* TASK BRIEF *
Only these lines are needed: the first line of the entries below through the line with "Strona internetowa wizytówka", each returned exactly.

[EXERCISE INPUTS Boundary: Start]

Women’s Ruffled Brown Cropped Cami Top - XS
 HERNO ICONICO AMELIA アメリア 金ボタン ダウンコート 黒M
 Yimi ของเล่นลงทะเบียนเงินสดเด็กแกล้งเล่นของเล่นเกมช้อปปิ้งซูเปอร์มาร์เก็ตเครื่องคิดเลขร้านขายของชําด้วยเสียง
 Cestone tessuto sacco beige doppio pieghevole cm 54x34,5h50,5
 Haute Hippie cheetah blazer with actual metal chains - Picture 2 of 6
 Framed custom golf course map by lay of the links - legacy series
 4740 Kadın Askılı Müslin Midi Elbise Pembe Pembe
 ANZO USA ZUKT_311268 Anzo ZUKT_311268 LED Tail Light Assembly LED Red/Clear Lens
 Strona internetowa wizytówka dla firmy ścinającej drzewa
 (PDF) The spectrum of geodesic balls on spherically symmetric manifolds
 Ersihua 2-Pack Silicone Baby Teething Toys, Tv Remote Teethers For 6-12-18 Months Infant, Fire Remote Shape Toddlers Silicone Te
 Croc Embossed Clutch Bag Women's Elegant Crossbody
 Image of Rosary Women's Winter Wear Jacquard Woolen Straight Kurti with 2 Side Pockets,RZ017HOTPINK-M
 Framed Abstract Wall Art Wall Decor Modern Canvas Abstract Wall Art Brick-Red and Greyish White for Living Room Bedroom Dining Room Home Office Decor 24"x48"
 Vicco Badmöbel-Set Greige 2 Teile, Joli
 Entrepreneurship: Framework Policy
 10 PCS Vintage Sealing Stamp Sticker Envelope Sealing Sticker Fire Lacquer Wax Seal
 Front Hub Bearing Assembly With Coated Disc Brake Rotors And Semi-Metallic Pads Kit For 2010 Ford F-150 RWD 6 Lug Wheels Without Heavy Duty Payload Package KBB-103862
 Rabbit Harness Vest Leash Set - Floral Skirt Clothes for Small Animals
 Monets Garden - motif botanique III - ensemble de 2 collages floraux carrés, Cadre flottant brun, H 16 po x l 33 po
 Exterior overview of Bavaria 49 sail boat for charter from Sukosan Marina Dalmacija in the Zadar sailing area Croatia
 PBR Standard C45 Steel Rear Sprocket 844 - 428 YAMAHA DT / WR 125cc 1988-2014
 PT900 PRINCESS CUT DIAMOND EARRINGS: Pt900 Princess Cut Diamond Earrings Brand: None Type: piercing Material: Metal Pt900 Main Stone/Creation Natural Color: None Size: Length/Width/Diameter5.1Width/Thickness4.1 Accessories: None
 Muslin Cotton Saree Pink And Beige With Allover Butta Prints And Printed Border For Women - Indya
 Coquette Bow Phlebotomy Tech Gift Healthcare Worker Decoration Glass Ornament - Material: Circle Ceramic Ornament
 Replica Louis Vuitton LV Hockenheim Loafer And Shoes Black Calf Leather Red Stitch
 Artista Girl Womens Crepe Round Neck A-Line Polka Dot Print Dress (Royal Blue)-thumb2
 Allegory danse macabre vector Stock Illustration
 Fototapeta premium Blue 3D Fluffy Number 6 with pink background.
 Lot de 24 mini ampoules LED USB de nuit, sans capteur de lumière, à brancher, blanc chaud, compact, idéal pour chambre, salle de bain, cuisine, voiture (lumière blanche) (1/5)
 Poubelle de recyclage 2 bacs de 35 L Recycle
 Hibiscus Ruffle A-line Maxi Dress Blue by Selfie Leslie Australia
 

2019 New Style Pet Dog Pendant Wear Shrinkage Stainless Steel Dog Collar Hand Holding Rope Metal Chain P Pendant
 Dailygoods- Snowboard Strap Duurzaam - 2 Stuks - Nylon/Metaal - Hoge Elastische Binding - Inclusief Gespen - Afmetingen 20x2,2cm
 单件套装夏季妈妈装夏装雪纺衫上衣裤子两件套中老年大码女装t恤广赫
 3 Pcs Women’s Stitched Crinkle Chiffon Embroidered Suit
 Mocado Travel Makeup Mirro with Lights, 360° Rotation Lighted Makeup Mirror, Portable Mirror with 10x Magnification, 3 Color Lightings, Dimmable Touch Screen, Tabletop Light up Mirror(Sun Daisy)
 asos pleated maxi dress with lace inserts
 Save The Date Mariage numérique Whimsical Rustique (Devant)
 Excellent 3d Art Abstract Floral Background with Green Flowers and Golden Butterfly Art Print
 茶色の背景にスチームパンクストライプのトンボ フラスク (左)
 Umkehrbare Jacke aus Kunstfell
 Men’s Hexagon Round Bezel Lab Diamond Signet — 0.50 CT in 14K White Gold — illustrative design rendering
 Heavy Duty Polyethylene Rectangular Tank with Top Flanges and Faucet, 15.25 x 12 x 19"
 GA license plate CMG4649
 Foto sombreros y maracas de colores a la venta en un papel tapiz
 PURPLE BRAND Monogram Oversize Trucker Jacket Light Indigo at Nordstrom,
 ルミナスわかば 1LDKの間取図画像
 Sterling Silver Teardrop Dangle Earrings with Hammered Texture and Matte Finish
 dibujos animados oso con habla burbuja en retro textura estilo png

[EXERCISE INPUTS Boundary: End]

* ANSWER SECTION *
Women’s Ruffled Brown Cropped Cami Top - XS
 HERNO ICONICO AMELIA アメリア 金ボタン ダウンコート 黒M
 Yimi ของเล่นลงทะเบียนเงินสดเด็กแกล้งเล่นของเล่นเกมช้อปปิ้งซูเปอร์มาร์เก็ตเครื่องคิดเลขร้านขายของชําด้วยเสียง
 Cestone tessuto sacco beige doppio pieghevole cm 54x34,5h50,5
 Haute Hippie cheetah blazer with actual metal chains - Picture 2 of 6
 Framed custom golf course map by lay of the links - legacy series
 4740 Kadın Askılı Müslin Midi Elbise Pembe Pembe
 ANZO USA ZUKT_311268 Anzo ZUKT_311268 LED Tail Light Assembly LED Red/Clear Lens
 Strona internetowa wizytówka dla firmy ścinającej drzewa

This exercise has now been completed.